Analysts examine risk, liquidity of USF&G's investments to gauge strength

November 11, 1990|By Tom Easton | Tom Easton,New York Bureau of The Sun

NEW YORK -- As with most large insurers, USF&G has a vast and complex investment portfolio.

The stated value of the portfolio is $11.1 billion, but whether even this sum is substantial, and liquid, enough, given the broad scope of the company's operations, was an important issue last week in the series of events that included a dramatic reduction in the company's dividend and the retirement of its chief executive.

When security analysts attempt as outsiders to assess the financial strength of an insurance company, they are typically less interested in a specific investment than in the general type of investments held by a firm, their perceived risk and their ability to be redeemed easily in the market, as well as the firm's ability to withstand losses.

Thus, the company notes in its third- quarter financial release that of its invested assets, 66 percent is in long-term bonds, 13 percent in stocks, 9 percent in real estate and mortgage loans, and 10 percent in various short-term holdings.

But analysts tend to focus on the ratio of risky assets to the company's equity -- in this case $1 billion in real estate, $943 million in junk bonds and $1.4 billion in stock. All of these categories are considered either risky or illiquid. Offsetting this is the company's equity of $1.6 billion.

The company contends that is sufficient. "For the size we are," said James Flick, USF&G executive vice president and chief financial officer, "there's nothing alarming about that.

"Real estate is not as liquid as bonds, and equities will have some fluctuations," he continued, "but if we have a good asset liability matching program in place, and we do, the fact that some assets aren't as liquid as others should not be a concern. . . . There is an efficient program in place that addresses that and an asset allocation model to minimize exposure overall."

Still, some of the risk and the potential impact of even a small shift in value were evident in the third-quarter numbers. Begin with the largest category of assets -- bonds. It constitutes $7.4 billion of the holdings.

The actual market value of these securities, the company noted, was only about 96 percent of the amount on the balance sheet. That translates to about $300 million less. USF&G contends that since it will hold these securities to maturity, there is no need to assess their value by current market conditions.

The company was also hit by steep losses in its $1.44 billion stock portfolio this year.
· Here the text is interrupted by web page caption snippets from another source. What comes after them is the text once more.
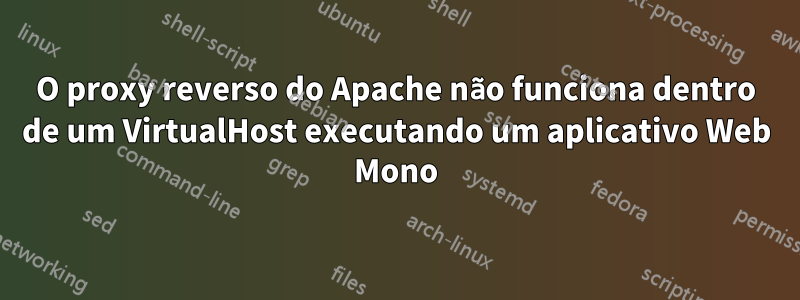 O proxy reverso do Apache não funciona dentro de um VirtualHost executando um aplicativo Web Mono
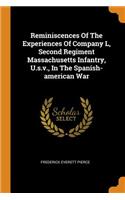 Reminiscences of the Experiences of Company L, Second Regiment Massachusetts Infantry, U.S.V., in the Spanish-American War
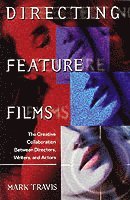 Directing Feature Films (h�ftad)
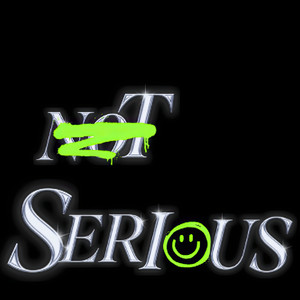 Not Serious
It has already reduced equity by $240 million to account for losses in shares but has yet to apply those losses to its earnings because of accounting rules.

While the $300 million shortfalls in debt and $240 million shift in the value of its stock holdings are small when compared to the $11.1 billion of all invested assets, they are large when compared to the company's $1.6 billion in equity.

The area that receives the most comment from outsiders is the company's holdings in junk bonds, or the bonds that are rated by the major credit evaluation agencies as less than investment grade.

The company says that at the end of the third quarter, the market value of its $943 million in junk was about 86 percent of the bonds' stated worth. Unlike the shares of large companies, there is no major exchange where these bonds trade and therefore assessing prices is difficult, at best.

Mr. Flick said USF&G's portfolio is evaluated monthly by an appraiser working with the independent fund manager who oversees the junk bond investments. "Admittedly the market is fairly thin on some issues, but I would think the prices would be conservatively stated at 86 percent," Mr. Flick said.

The scope of the company's holdings is only disclosed publicly once a year in a filing with the Maryland Insurance Division. At the end of 1989, USF&G held dozens of junk issues, including many that are little known, and a mixed bag of quite prominent names including American Standard, Burlington Resources, Carter Hawley Hale, Trump Castle, Harcourt Brace Jovanovich, Integrated Resources Inc., Interco, National Gypsum, Saveway Stores, Columbia Savings and Loan, Coastal Corp., Playtex, Revlon, and Coca-Cola Bottling Group.

The other major category in question is real estate. During the first nine months of 1990, USF&G added reserves to cover $18 million worth of losses in this area, just a small number PTC considering the $1 billion size of the portfolio. The company notes only 4 percent of its properties are located in the badly battered Northeast, and 10 percent in the similarly distressed Southwest. Properties are unique, and outsiders have a particularly difficult time assessing real estate claims. Other insurers, notably Travelers Corp., have had huge write-downs in the area.